It is important to understand the implications of the non-inferior margins in regard to a CI of 95%. For example, if the responder rates of the MicroShunt and trabeculectomy were 65.1% and 73.5%, respectively, with the difference being -8.4%, then this difference would be within a margin of 15%, indicating that Endpoint #1 would be met. Unfortunately, this was not the case. The term “non-inferior”, as defined by the FDA, required that the 15% difference between groups be within a 95% confidence interval (CI), indicating that with a sample size of 527 eyes, the difference would have to be within 6%, not 15%. To state it statistically, to be 95% confident that the difference between the MicroShunt and trabeculectomy is within 15%, the difference in population responder rate, for the number of patients enrolled, would have to be less than 6%.

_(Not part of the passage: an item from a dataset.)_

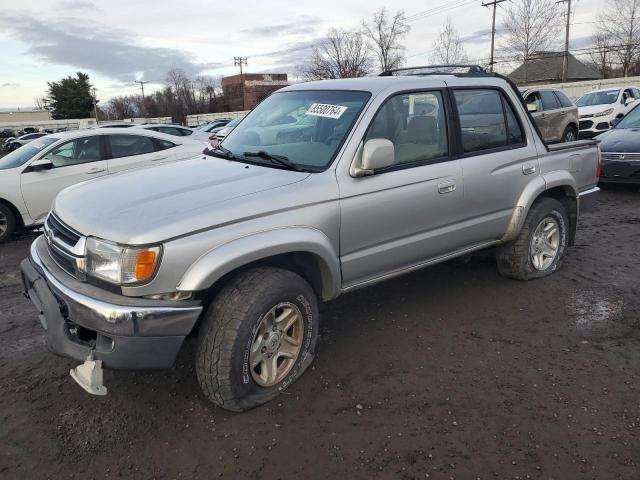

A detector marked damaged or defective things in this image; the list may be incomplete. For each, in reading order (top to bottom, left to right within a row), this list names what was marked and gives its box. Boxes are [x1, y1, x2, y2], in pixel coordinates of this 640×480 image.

At 1 year, the success rates in the MicroShunt and trabeculectomy groups were 53.9% (n=333) and 72.7% (n=113), respectively, a difference of -18.8%, indicating a failure to meet the primary endpoint20. The Farrington-Manning test using the above data showed that the 95% CI was -28.6% to -9.0% (see Figure 4). To meet the 95% CI, the -15% value would have to be outside the range of -28.6% to -9.0%, a function of the null hypothesis, which is why the primary endpoint was not met.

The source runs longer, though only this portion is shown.